Los retratos se van construyendo a través de historias, algunas vividas por ella y otras escuchadas en sus viajes a Alemania, como la de su prima Frieda, que después de la guerra llevaba siempre consigo las fotos de sus hijos asesinados y las mostraba en los tranvías preguntando si alguien los había visto.
La película se centra sobre todo en la figura de la madre de la protagonista, y, sin evitarlo, es parca en historias del Holocausto. Es un documental de talking heads, gente que habla frente a una cámara, con algunas fotos familiares del pasado, algunos movimientos dentro de la casa y poco más. Esta modalidad de documental, a menudo cuestionada por fácil, parece, en este caso, la más justa. La apariencia de fragilidad de la protagonista es engañosa, y a poco de comenzado su relato se apodera del espectador tanto por la fuerza de los hechos que cuenta como de su actitud tranquila al rememorarlos.
La historia de Doris es tan extraordinaria que un tratamiento más agitado la habría hecho insoportable. Seguramente el realizador hizo la película sin pensar demasiado en una estrategia narrativa que se adecuara al contenido; quizá sólo siguió su impulso natural, una tendencia estilística personal. El hecho de ser el hijo de la protagonista de una historia tan robusta es una señal muy significativa. ¿De dónde sale esa serenidad de Ariel si no de su crianza? Tiene sentido hablar del vínculo del realizador con el sujeto de su película; tiene sentido porque así lo pide él mismo al emprender un relato en primera persona, reflexivo, con matices autobiográficos. Una línea de Doris, cerca del final, es especialmente clara a este respecto: “Me gusta que estés haciendo esto, y que te dediques a esto, y que estés haciendo esto conmigo. Me gusta”.
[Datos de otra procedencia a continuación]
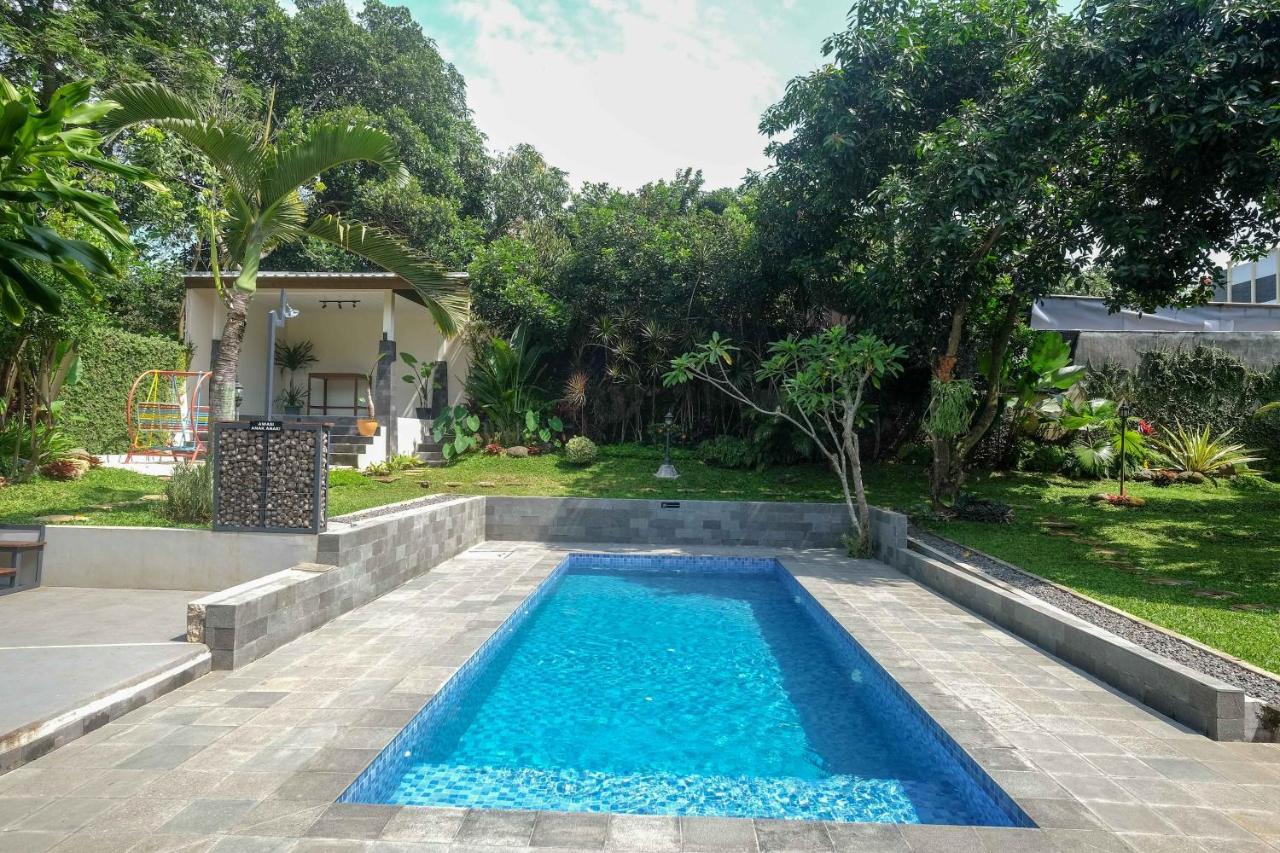 Sareh Villa By The Lavana Semarang Eksteriør billede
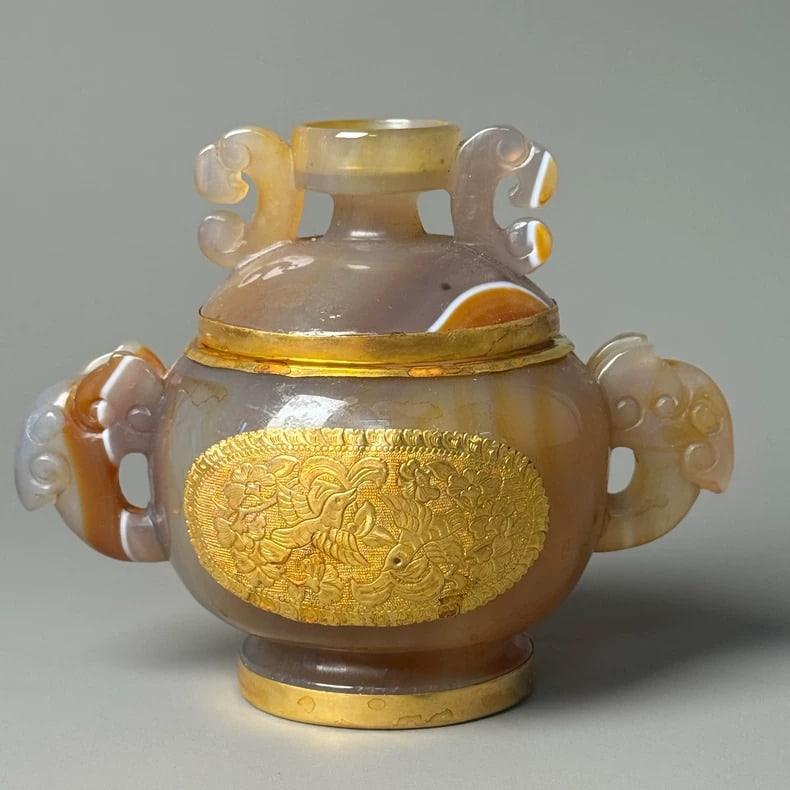 A beautiful Qing Dynasty gold-inlaid agate incense burner: A Qing Dynasty gold-inlaid agate incense burner SIZE: H:10.4cm L:12.5cm (The Dimensions Of All Batches Are Manually Measured.If You Need More Detailed Information, Please Contact Our Customer Service 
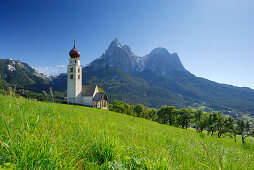 Kirche St. Valentin bei Seis vor dem Schlern, Dolomiten, Südtirol, Italien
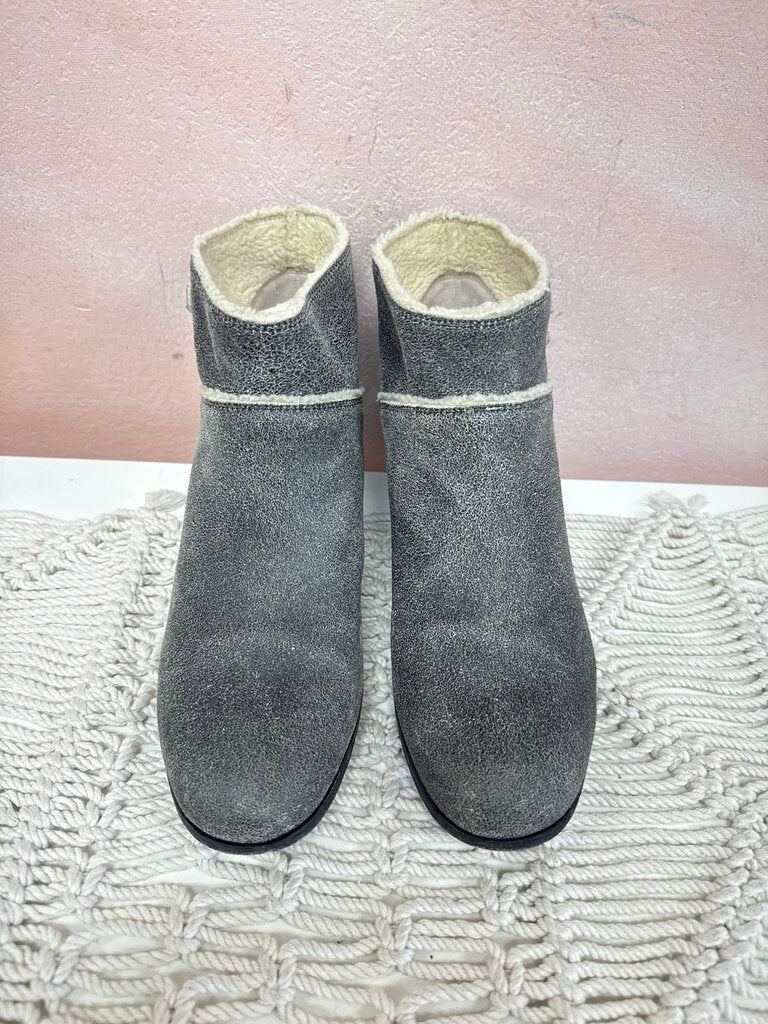 Chanel Grey Interlocking C Ankle Boots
Doris, que fue dos veces con su madre alemana a Alemania, a principios de la década de 1950 y diez años más tarde, dice que no le gusta su familia alemana. Su retrato del padre, por otra parte, muestra un individuo informado, inteligente y activo, desilusionado de la Unión Soviética y de los anarquistas españoles debido a una triste experiencia durante la guerra civil española. A Doris no le gustaba su familia alemana porque veía en sus actitudes, incluso después de la guerra, señales de intolerancia y autoritarismo que la otra mitad de su familia había sufrido en carne propia.
El documental logra poner de manifiesto ese choque de tradiciones y de modos de ver el mundo en una misma persona, que quizá por eso decidió estudiar psicología, leyendo en alemán, el idioma de la familia de su madre, al fundador del psicoanálisis, perteneciente a la comunidad de la familia de su padre.
La mitad de mi familia. 96 minutos. En Alfabeta, Cinemateca y Sala Nelly Goitiño.